For those perhaps less familiar with some of the above names let me tell you that were talking about all the main players in the subsequent history of Thelema - here laid low by the mind games of Crowley and his successor Germer. And that’s not counting the ones that had already expired in scene two - i.e. Crowley’s co-superior in the OTO Frater Achad, Jack Parsons and the books hero Wilfred Smith. It reminded me of the first act of the Mahabharata when Vatsyanana tells the audience that the character who represents the ancestor of all humanity is at that point rendered permanently barren - what can possibly happen next??

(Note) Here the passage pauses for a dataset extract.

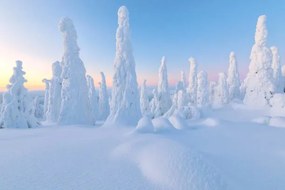 Foto Trees covered with snow at dawn,, Roberto Moiola / Sysaworld, (40 x 26.7 cm)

Well that’s would take another book, but its seems to me that the modern stop go progress of Thelema is in part made more comprehensible by reading this fascinating history of its first days. In a way it really is act two of the same play. When Crowley had trouble with his frater superior Theodor Reuss he upped and gave him the sack proclaiming himself head of the order (Starr 2004: 112.) It was a tradition he was to recommend to others with the words of John Bunyan: ‘my sword to him that can take it’. And indeed, according to this book, if Crowley could have proved his right to the OTO crown he might also have succeeded in imposed his control over the Theosophical Society and AMORC - and then how differently the magical world of the 80s might have looked. I could go on but hopefully that’s more than enough to wet your appetite for this highly recommended masterpiece.

 

The Gnostic Philosophy, Tobias Churton
(Signal Publishing, 2004)
Reviewed by Paul Newman
Courtesy of Mandrake Speaks (mandake-subscribe@yahoogroups.com)

Readers may remember Tobias Churton’s 80’s Channel 4 series The Gnostics, which I certainly enjoyed, and his follow up book The Gnostics (Wiedenfield & Nicholson, 1987; US Barnes & Noble, 1997). It was thus with some pleasure I embarked on a review of this book, a pleasure which soon evaporated on being faced with a book where the meaning of the phrase Gnostic Philosophy is barely discernable.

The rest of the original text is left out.